Commercial radio surge
Alongside new figures released by Bauer and Global, many smaller local radio groups have also reported a surge in online listening numbers and time spent listening.
Global, whose stations include Capital, Heart and LBC, said that there had been a significant increase in connected radio listening; with daily reach up 15% and hours up 9%, between 9-17 March.
LBC displayed the most notable growth, with its daily reach growing 43% and listening hours increasing 17%.
Figures from a week later (16-22 March) for Bauer also show an average daily reach increase of 15%; and average daily hours up 13% week-on-week.
Bauer stations include KISS, Absolute Radio, and the Hits Radio Network.
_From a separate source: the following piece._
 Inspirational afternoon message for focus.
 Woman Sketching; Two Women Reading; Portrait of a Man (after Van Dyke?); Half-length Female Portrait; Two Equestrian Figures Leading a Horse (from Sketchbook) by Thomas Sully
The broadcaster also reported a record daily reach for Bauer Radio streaming on Friday 20 March.
Nation Broadcasting, which owns Nation Radio and a network of local stations in Wales as well as stations in England and Scotland, has seen increases across almost every one of its stations of around 40%, rising to 75% in some cases.
Across the nation
DC Thomson, which runs Original FM, Wave FM and Kingdom FM in Scotland, has seen regular increases of more than 20% in listener numbers online.
The Jack FM group, which includes local radio services in Oxford as well as the national services Union Jack; and Jack Radio has reported similar increases of around 30% in online reach.
KMFM which has services across Kent has also seen a rise in its online audience of 36% compared to its usual levels.
Tindle Radio, operating Channel103 in Jersey and IslandFM in Guernsey, has seen a surge in online reach of 25%-35%; Dee Radio in Cheshire has reported the number of unique listeners to its online streams doubling over the same period.
The children’s radio station Fun Kids has also seen a particularly large increases in online audience following the decision to close schools across the country. Streaming hours for the station are up 80% overall, with some shows has increasing fivefold during the day.
Siobhan Kenny, CEO of Radiocentre, the industry body for commercial radio, said: “As the UK acclimatises to a new world of working from home and enforced isolation, radio proves its strength as a hugely valuable source of information, reassurance, company and, most importantly, fun.
“As one of the most trusted and accessible forms of media, it is perhaps no surprise that so many are tuning in right now.”
Some of the biggest increases have been especially noted across morning programming. This suggests that people are keeping devices on when they would normally be heading out to work.
These increases come on top of significant growth in online listening over the past year.
The most recent RAJAR figures for Q4 2019 showed that online listening was the fastest growing method in the UK; up 33% year-on-year.